Time check: 2 am. Would I finish by 4 or 5 am? I did not know. If you are reading this, pause and guess the time you think I finished. I guessed 4:30 am. Let’s update that in a second.

3:00 am - Login done, Stripe pain ahead, and tools that help

3:00 am hit and the login worked. That felt good. Now Stripe. Stripe is always a bit of a pain in the ass to set up. Not because it is bad, but because payments are exact and you cannot fake them. Every little setting matters, and you cannot hand-wave an endpoint.

Luckily I have two projects with the 1:10pm stripe setup - basically, I have working examples to pull from, the same product pattern and checkout flow I trust. I also used Cursor to help move fast. Cursor is an AI-powered editor that can nudge you when you forget a method name or a path, and at 3 am those nudges are gold.

I hoped that by 4 I would have almost everything done. I still needed to buy the domain. I had found one, but I had not paid yet. It was 3 euros or 3 dollars. I did not even remember. I also wanted to polish the metadata for sale - then I corrected myself - SEO. You know what I meant. I would see you in half an hour. Or an hour. Or whenever Stripe stopped fighting me.

Finishing the See Results button, live keys, and the deploy plan

I wired the See results button so that when a person wants to view the output of the product, they get the final image. At that exact moment I put the logo there just for testing, so you would not see the real image yet. That was temporary. Once the output pipeline was stable I would switch the source to the actual generated snapshot.

Next step was setting the Stripe account to the public one - live mode, not test. After that I would push to Vercel. That is the moment a project turns into a link you can share.

Then it was 3:40 am and I realized I did a dumb thing. I bought followsnapshot.art instead of followersnapshot.art. You read that right. I missed a syllable when I checked out. Classic 3 am move. Should I buy another domain or not? Probably not tonight. The end was close and I did not want to break the rhythm.
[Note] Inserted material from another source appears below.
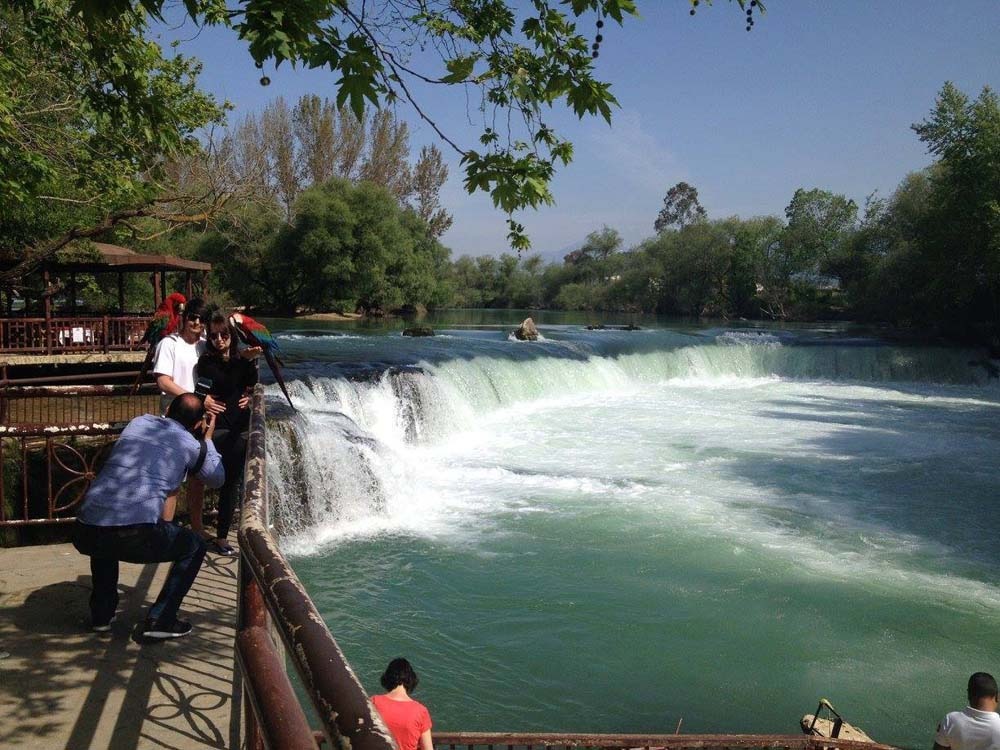 Manavgat Waterfall & River Boat Tour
4:15 am - Done coding, time to record, and shipping to Vercel

4:15 am. Done. I recorded the screen so I could show what I had built instead of just telling you about it. Then I went to publish on Vercel. I would leave the link down in the description so you could try it yourself.

What the live site looks like

Landing page first - the hero section up top explains what you get. Right below, there is a clean visual that previews the exact result you will download. No mystery. Just a clear snapshot of the final image so you know what you are paying for.

Pricing is simple: $4 one time. Unlimited devices, unlimited images, lifetime access. No subscriptions. I like one-time deals for small utilities because they remove friction. People decide once and they are in.

Then the Create page. To download the image, you pay those $4 and then you are basically in forever. From there, you can pick whatever you want. For example, I had just reached 1,400 followers on X. I typed that in and downloaded the image. That was the result. Clean, ready to share, and on brand.

5:10 am - Brain fog, checkboxes, and a live domain

At 5:10 am I no longer knew my name, but I was satisfied. I built a product from scratch, from 0, from 7 pm to 5 am. I am not even sure how many hours that is. Less than 12. Maybe 10 or so. Time blurs when you are deep in it.

I checked the last checkbox on the whiteboard. Analytics were done. Domain was public. The website was live at this address: followsnapshot.art. It was 5:00 am. Then 5:20 am. Product done. Built in one day. From 7 pm to 5:20 am. The link worked.

I would publish everything tomorrow. I had recorded the whole day, so tomorrow you would be able to see the full process and the story of the build on YouTube. Right then I needed to go to bed. The light was hurting my eyes. Still, I was proud and happy.

A tiny bug I left for morning

The only thing bugging me was the OG image. The Open Graph image did not show at share time. If you put the direct path, it showed, but it did not auto-populate in previews. That is one of those tiny config gremlins where a path or cache is wrong. Not a blocker for sleep. Just a note for tomorrow me.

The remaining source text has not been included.